Wayne wrote:
On Tue, Aug 11, 2009 at 7:17 AM, <[email protected]> wrote:

 hi i am currently doing the 'livewires' python tutorial lesson 5. i am
making a little game that makes a few squares chase a circle around a little
grid. i can get the 1 square acting on 1 variable to come up, but the
tutorial now wants me to create a list of variables that act under the same
class.

this is what i have to make the 1 square appear (which works)(i have also
cut a lot of the program out to make this email smaller.)

class Robot:
    pass

def place_robot():
    global robot
    robot = Robot()
    robot.x=random_between(0,63)
    robot.y=random_between(0,47)
    draw_robot()
    print robot.x

and i cant figure out what to write to make the variable 'robot' work as a
list, and then follow all the instructions 3 times. this is what i tried to
put in.

class Robot:
    pass

def place_robot():
    global robot
    r1 = Robot()
    r2 = Robot()
    r3 = Robot()
    robot = [r1,r2,r3]
    robot.x=random_between(0,63)
    robot.y=random_between(0,47)
    draw_robot()
    print robot.x

i was under the assumption that the instruction
robot.x=random_between(0,63) would return a value 3 times for r1 r2 and r3,
but instead i get AttributeError: 'list' object has no attribute 'x'. so i
got no idea heh. i hope this makes sense, as im really new to programming.


I think what you want is:

for r in robot:
    r.x = random_between(0,63)
    r.y = random_between(0,47)
    draw_robot()
    print r.x

Now for the why:
robot is a list of objects - you declared it such with robot = [r1, r2, r3]
(incidentally you could just do robots = [Robot(), Robot(), Robot()] ), and
lists don't have x y attributes, which you're trying to access.
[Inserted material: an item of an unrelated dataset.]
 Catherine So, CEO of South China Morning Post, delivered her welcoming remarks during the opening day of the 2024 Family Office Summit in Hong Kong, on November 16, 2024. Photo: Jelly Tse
I presume
you're really trying to access the x y attributes of your Robot() class,
which is an entirely different object from your list.

HTH,
Wayne

This illustrates the danger of global variables. The draw_robot() function probably accesses the global variable robot, which has now changed its meaning. So probably it should be a method of the Robot class, in which case you'd use
        r.draw_robot()

Alternatively, if it must be a function rather than a method, you should add a parameter to it, and call it as
       draw_robot(r)

If this were my code, I'd probably have created a new global variable robots, indicating that it's now a list. And change the function place_robot() to place_robots().